Randi Kreiss

Just another day in the USA: 19 kids shot dead

Posted

Relatives of the Uvalde, Texas, schoolchildren were taken to a “reunification” center after the gunman did his work. That struck me — the word reunification. Because it was a lie. So many parents would never be reunited with their precious sons and daughters, little fourth-graders, who were gunned down in their classroom last week, along with their teachers. The killer? Another angry young man who bought himself two AR platform rifles for his 18th birthday.
We Americans are choking on our rage, and so much of it is funneled into violence against children.
I feel ashamed. We call ourselves responsible citizens, and yet we abide the sacrifice of our children. We cry — and we keep re-electing to office the pro-gun candidates who are in bed with the NRA. We pledge allegiance to our flag knowing all the while that the killing of school kids in their classrooms is an all-American pastime.

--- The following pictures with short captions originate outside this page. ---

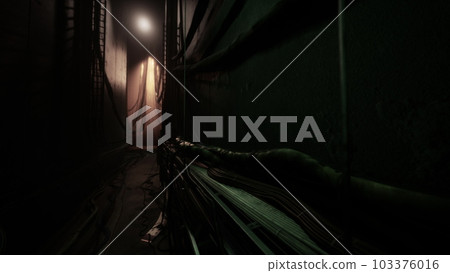 Electric wires in the tunnel with light 103376016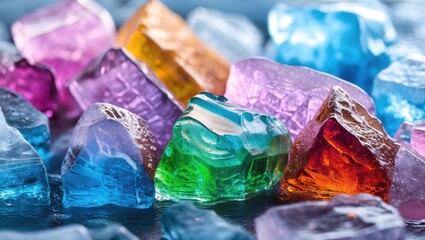 Aufkleber - Colorful translucent ice cubes scattered on a reflective surface creating a vibrant and refreshing background for various designs.
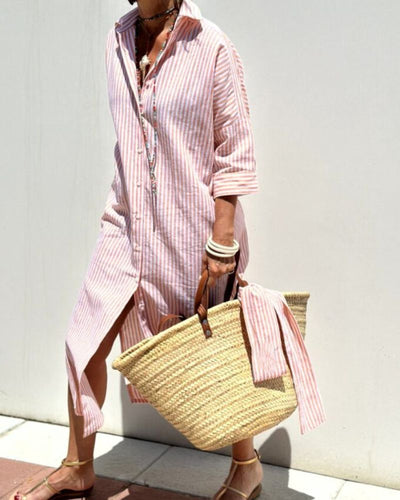 Colen | Striped Shirt Dress with Timeless Ease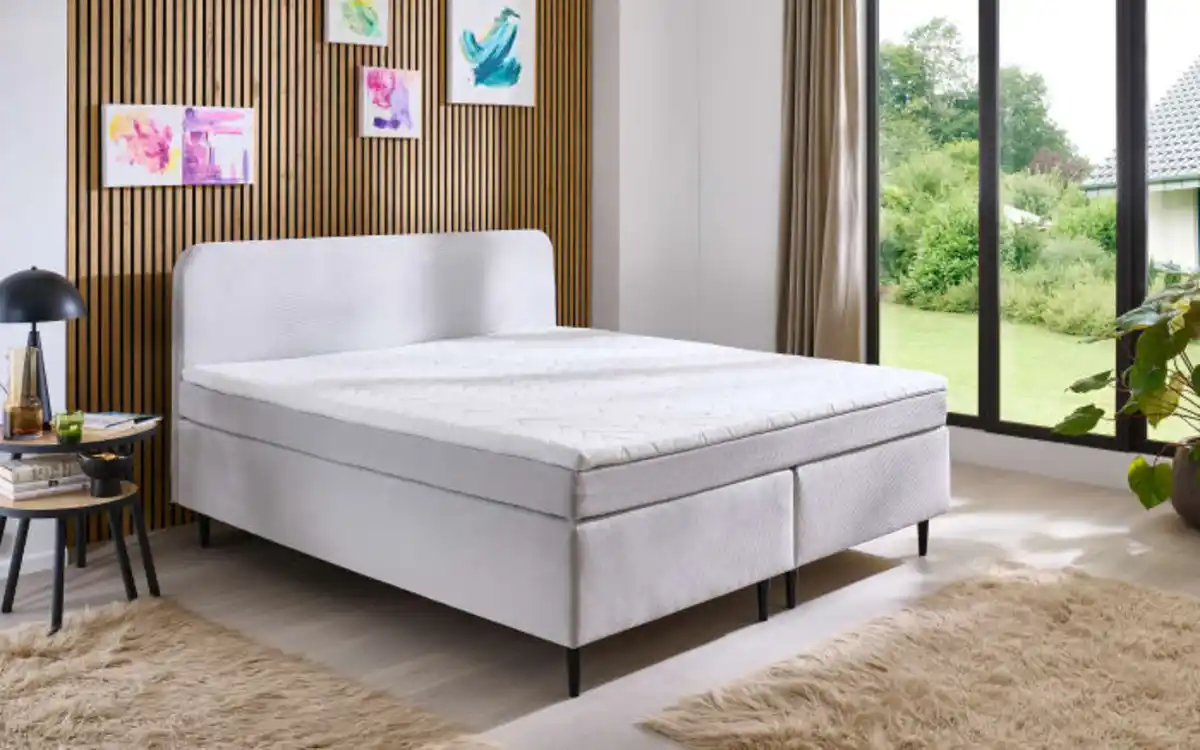 Bild 2 von Boxspringbett Villach, silber, 140 x 200 cm, inkl. Topper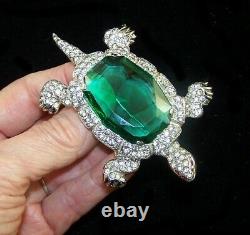 KTF TRIFARI'Alfred Philippe' 1930's Large Deco Emerald and Pavé Turtle Pin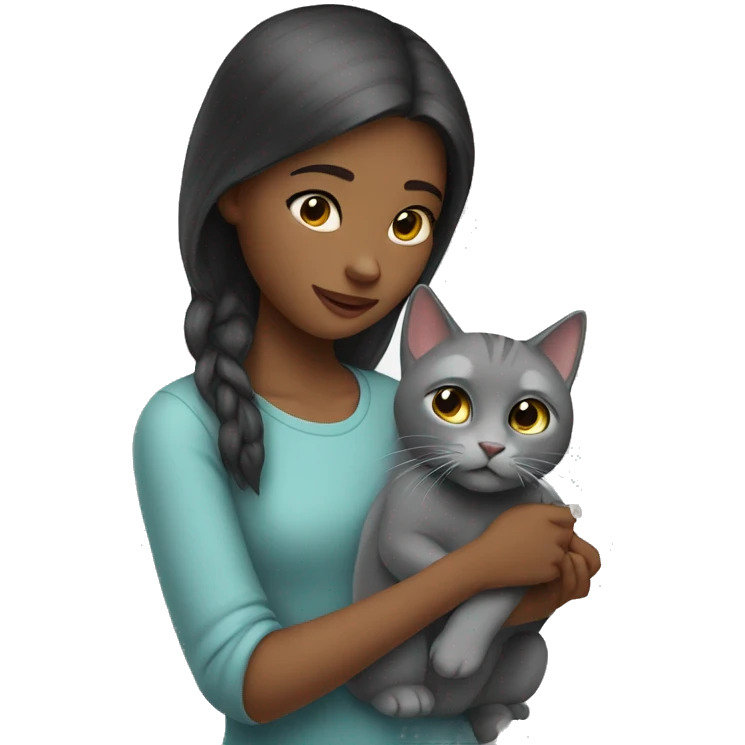 Girl petting a grey cat emoji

It doesn’t happen anywhere else in the world with the frequency that it happens in our homeland.
Golda Meir famously said that when Israel’s enemies loved their children more than they hated Israel, peace would be possible. The same could be said of Congress: When they love our children more than they hate standing up to the National Rifle Association, the slaughter will stop.
I recalled Golda’s lament after Columbine in 1999, and in 2012 after Sandy Hook, and in 2018 after the Marjory Stoneman Douglas High School shooting in Parkland, Florida. Between those dates, according to Wikipedia, there were 31 other school shootings in the United States. Some 70 percent of the shooters were 18 or younger.

We know we have a mental health crisis among our teenagers. We don’t have enough caregivers, and we don’t have a functioning system in place to get help to those in pain. The single greatest cause of death among American children is now shootings.
These words are hard to write, and I hoped to focus on something else this week, perhaps something lighter, but the events of the day eclipse the possibility of distraction. In this moment of loss and horror, we need to keep beating the drum for gun regulations. We need to beat the drum even as we are exhausted by the noise, even as we feel the intransigent power of the NRA pushing back.
In Uvalde, as in Parkland, as in Columbine, the usual post-massacre teams gathered at the scene: police, media by the truckload and a group that travels from killing spree to killing spree with counselors and money for funerals and warnings about post-murder scams.
The fact that we have such a team in America is both a further indictment of our society and, obviously, a necessity.
We all know the lingo of “lockdown” and “active shooter” and PTSD caused by shootings. Really, it is an abomination that we have become so proficient at handling the tragedies rather than preventing them.
Remember Sandy Hook? Dylan’s mom and Daniel’s dad write to me often. In truth, I dread reading their e-mails; their words darken the day. But how wrenching it must be to write the words. These parents are leaders of the Sandy Hook Promise Foundation, the group that works toward stricter gun control laws. They are victims of the tragedy, both having lost first-graders in the mass shooting at Sandy Hook Elementary School in Newtown, Connecticut, in 2012. Their work is pure and heroic — trying to find a slender thread of hope in the heap of terrible grief that has consumed their lives.
Now David Hogg, a survivor of the Parkland massacre, writes to me, seeking support for an anti-gun group called Never Again MSD, which is marching yet again this week in memory of Uvalde and to urge stricter gun laws. 
They write to me, and millions of others, to garner support for laws that would prevent another mass shooting, or at least reduce the odds. But there has been so little progress.
Instead of sensible gun-control laws drafted by a responsible Congress, we have unctuous sentiments without any commitment to change our gun laws for the better.
Our only power is our vote. We need elected officials who promise to take on gun violence with substantive legislation.
Do members of Congress love their children? You bet they do. Do they love their jobs so much that they will not stand up to the NRA? You bet they do. When they love their children, and America’s children, more than they love NRA money, we may see meaningful legislation on guns.
Twenty-seven school shootings so far this year, according to NPR. And counting.